Subject:  
Hannover
CL.III

Kit Used: Eduard 1/48

Review & model by:
Mark Huhtala
Pictures: R. Forys







History:  The German company Hannoversche Waggonfabbrik AG was a long time producer of horse wagons and railway cars.   At the outbreak of WWI, the German air ministry requested that they become a sub-contractor for the aviation industry.   Several of the projects they worked on included the Aviatik C.I, the Rumpler C.Ia, and the Halberstadt D.II.   When in early 1917, a new spec was issued for a new category of "CL" aircraft, Hannover figured that they had gained enough experience to produce their own prototype.   The "C" class was intended to act as an artillery spotter, or recon aircraft, however they were typically slow and sitting ducks for fighters, so the new "CL" class was designed to operate as escorts that were adequately armed to fight off attackers.




[The CL II and CL III carried a crew of two, a pilot and rear gunner.]

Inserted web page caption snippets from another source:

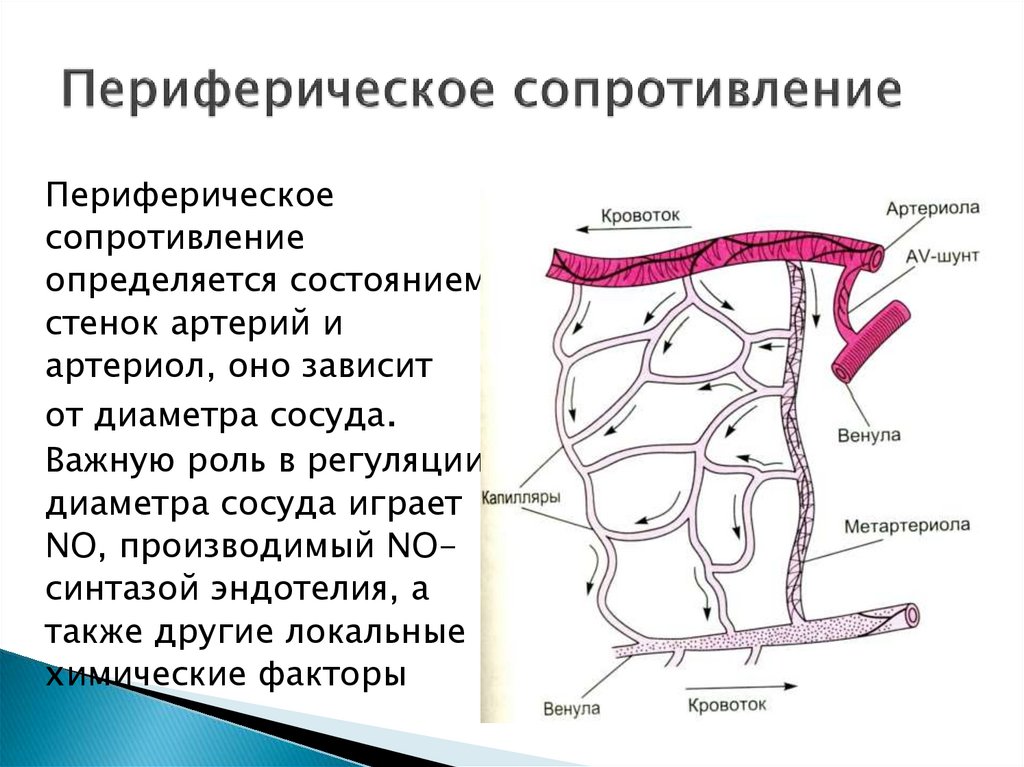 Периферическое сопротивление артерий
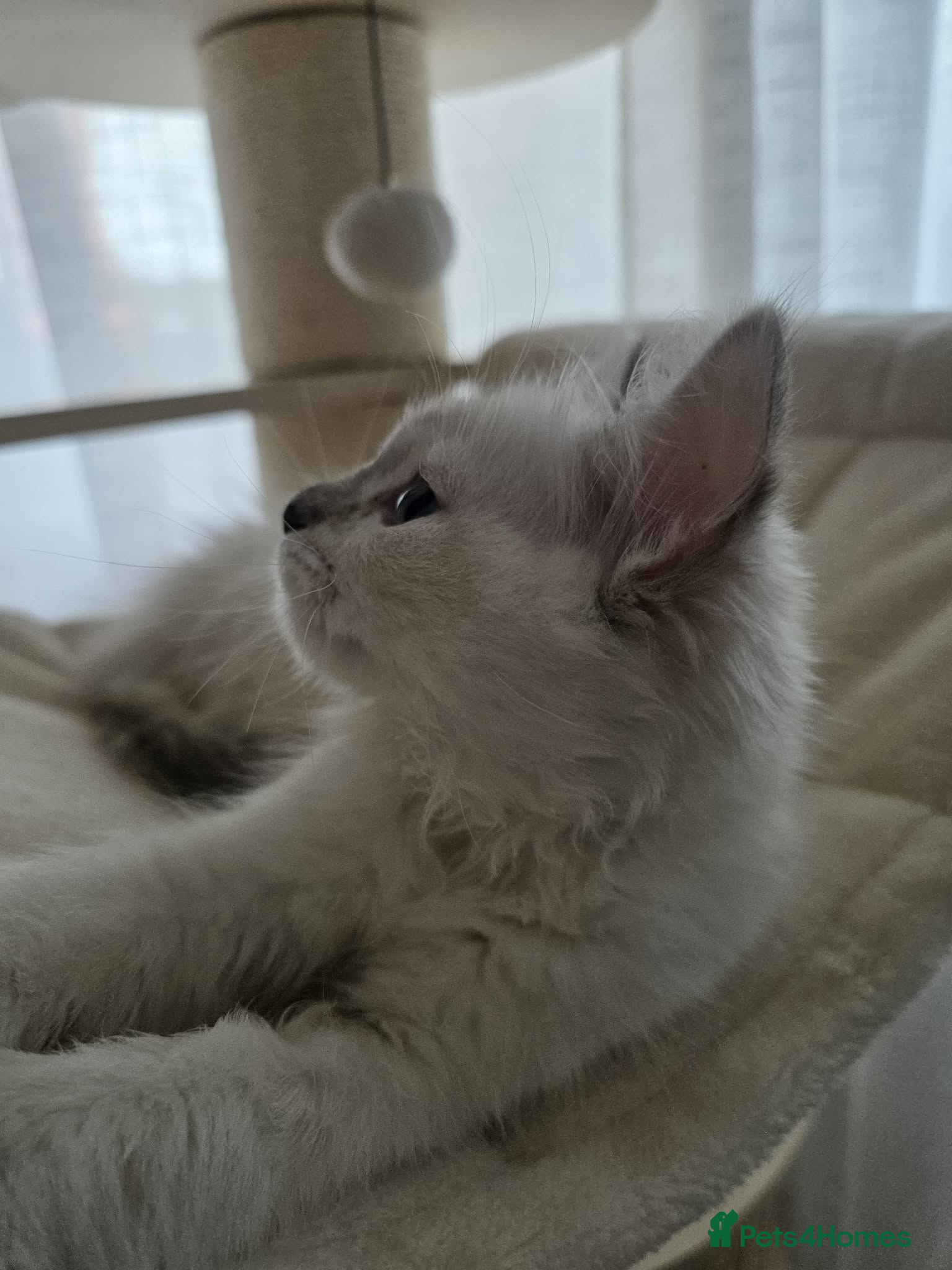 Ragdoll cats ✨ RARE TORTIE LILAC CREAMS LEFT|LITTER GCCF&TICA✨ - Advert 4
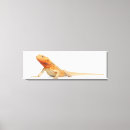 Zoek naar reptiel kunst Dieren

Type CL II:  The CL II carried a crew of two, a pilot and rear gunner.   It was powered by the 180hp Opel-Argus As III inline engine.   Maximum speed was 101 mph, with a ceiling of 24,600ft, and an endurance time of 3.5 hours.   The upper wing was placed close to the fuselage, providing the pilot with an excellent view forward and upward, and the lower wing was staggered, to give a good view forward and downwards.   It was a pretty conventional design, except for one unusual feature, this being a biplane tail unit, which was typically only found on multi-engined aircraft.   The idea here was limit the size of the tailplane, therefore giving the rear gunner a better field of fire.   It was armed with the standard German 7.92mm machine guns, with a single synchronized Spandau gun mounted in the forward fuselage, and a ring-mounted Parabellum for the gunner.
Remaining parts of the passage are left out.